FAQ - Frequently Asked Questions (and their answers!)

What is the difference between the combination magnet-magnet and magnet-iron?

Magnets and iron attract each other, but are hardly able to repel each other.
At full contact, the attraction between magnet and iron is the same as between two equal magnets. As the distance increases, however, the attraction between magnet and iron becomes distinctly weaker than the attraction between two equal magnets. This is due to the iron's low remanence.

Difference regarding repulsion

A permanent magnet and in iron plate attract each other, but there is no repulsion, like you can find between two permanent magnets (see FAQ regarding attraction and repulsion).

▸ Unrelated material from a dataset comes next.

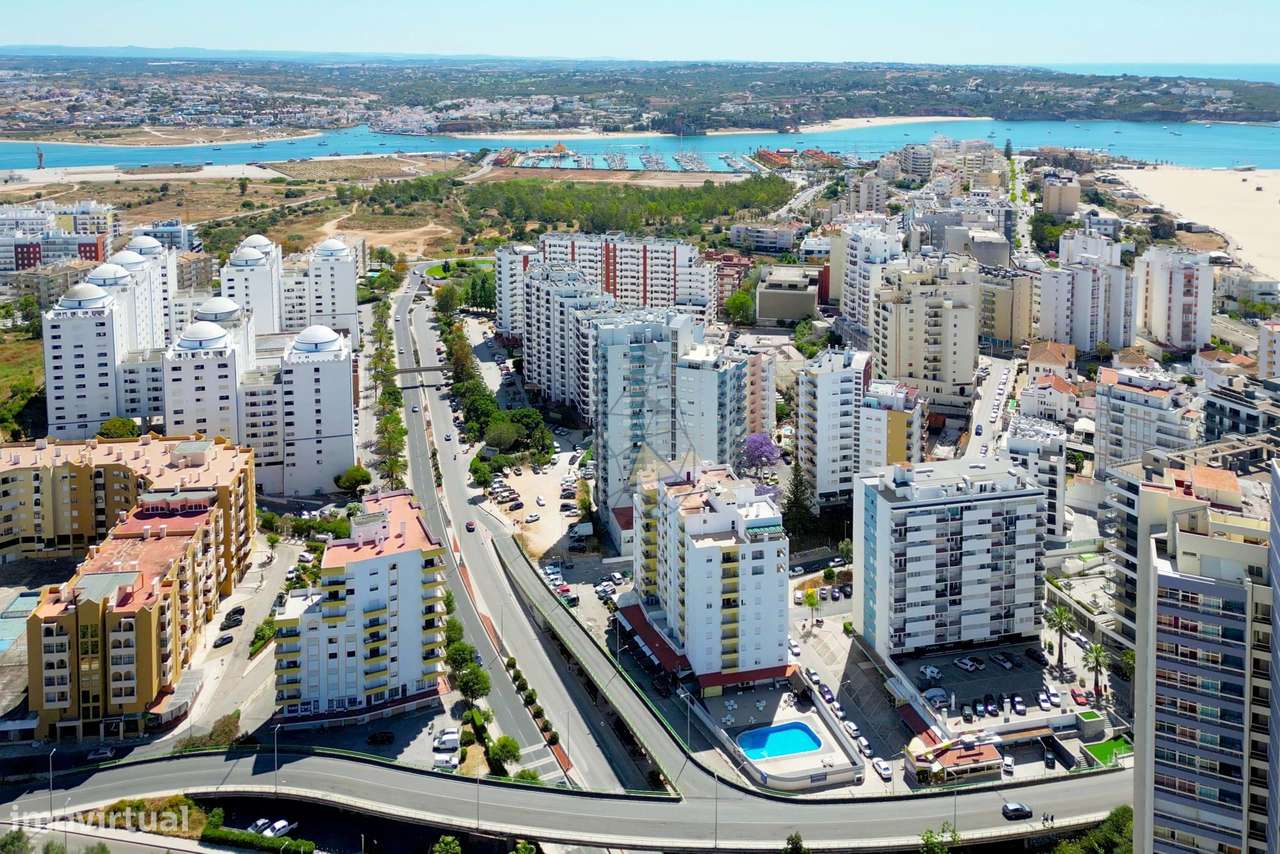 Restaurante em funcionamento Localizado na Praia da Rocha - Grande imagem: 4/35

Difference regarding attraction

At full contact, the attractive force between a permanent magnet and an iron plate is the same as the attractive force between two permanent magnets. However, the attraction diminishes with increasing distance quicker than the attraction between two permanent magnets (see graph).
x axis: distance
y axis: adhesive force
pink: attraction magnet-magnet
blue: attraction magnet-iron
example: disc magnet S-12-06-N
left: ferromagnetic material
right: molecular magnet

Explaining the phenomenon

Ferromagnetic material (iron, cobalt, nickel) contains microscopically small permanent magnets (molecular magnets). These molecular magnets rotate individually and can be adjusted by external magnetic fields. The material is thereby magnetised.

Explaining remanence

Also a super magnet contains molecular magnets. During the production of a permanent magnet, they are adjusted by a very high field that is produced by electromagnets. After turning off this external magnetic field, the alignment in the permanent magnet stays more or less intact (remanence: remanere = remain). A permanent magnet can now, in turn, adjust and thereby magnetise the molecular magnets in other ferromagnetic material. That's what happens at full contact between magnet and iron: The magnet transfers its magnetisation to the iron and the iron acts like a magnet.
left: permanent magnet
right: ferromagnetic material

Difference regarding remanence

The alignment of the molecular magnets does not stay permanent in every ferromagnetic material. After removing the external magnetic field, a lot, a little or practically no magnetisation may remain, depending on the internal features of the material.
In a piece of high-purity iron, for instance, the order of molecular magnets disintegrates completely after removing the external field. In a normal iron plate the alignment stays intact a little better, but it is still a lot less than in a super magnet.

Practical implication

The attraction between a permanent magnet and a steel plate diminishes quickly with increasing distance, because the magnetisation in the steel plate decreases quickly. Two permanent magnets attract each other more with increasing distance, because the magnetisation in both magnets remains practically the same.